(Scraped caption text data)

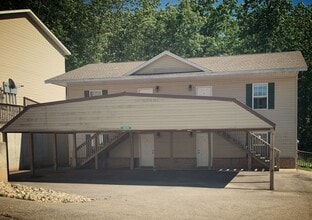 Building Photo - 16529 Hunters Ridge Ln
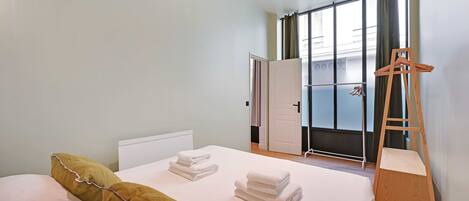 2 chambres, bureau, fer et planche à repasser, Wi-Fi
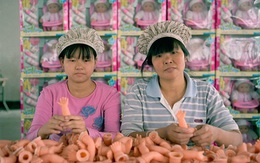 [Inside Factory] Cuộc sống kham khổ của nữ công nhân nhà máy đồ chơi Trung Quốc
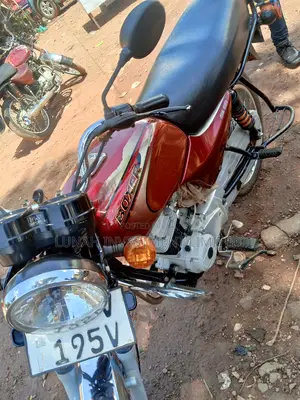 Bajaj Boxer 2023 Red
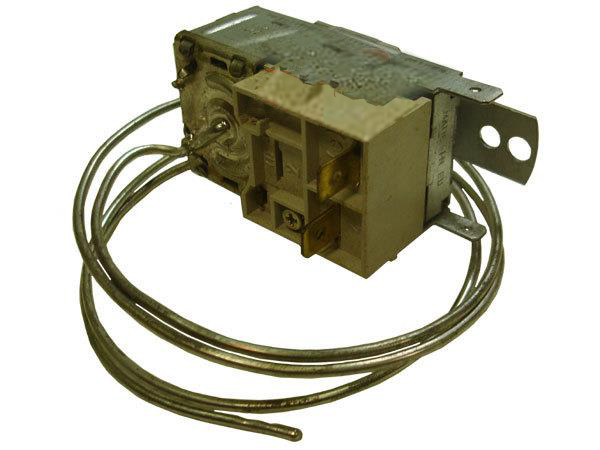 [TH48] THERMOSTAT JOHN DEERE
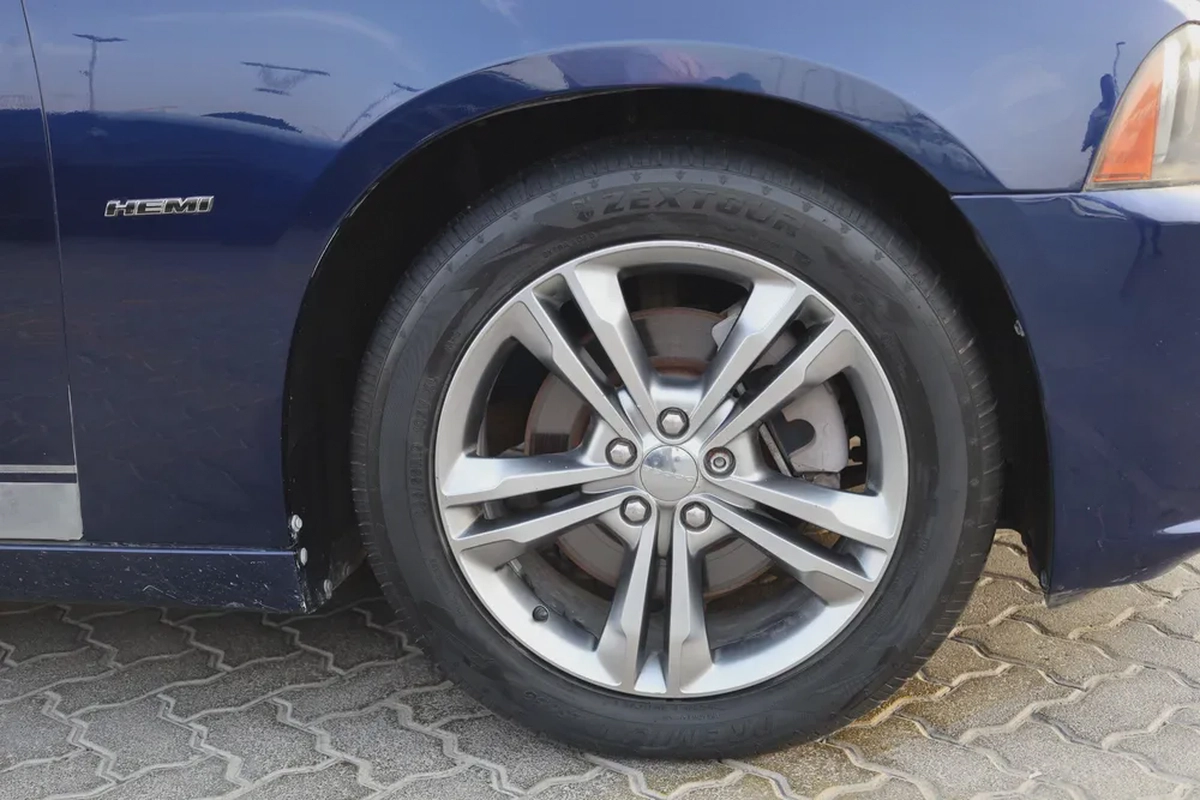Used Dodge Charger R/T Road Track 5.7L 2013-5-5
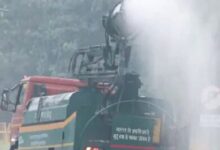 Photo of दिल्ली की हवा फिर जहरीली: कई इलाकों में AQI ‘गंभीर’ स्तर पर, आनंद विहार में 430, अक्षरधाम के पास 426; इंडिया गेट पर मिस्ट स्प्रिंकलर तैनात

— WHAT TO WORK ON —
From the line with "Used Dodge Charger" to the last line above, restate each line word for word, but skip the pictures.

— OUTPUT FOR THIS EXERCISE —
Used Dodge Charger R/T Road Track 5.7L 2013-5-5
 Photo of दिल्ली की हवा फिर जहरीली: कई इलाकों में AQI ‘गंभीर’ स्तर पर, आनंद विहार में 430, अक्षरधाम के पास 426; इंडिया गेट पर मिस्ट स्प्रिंकलर तैनात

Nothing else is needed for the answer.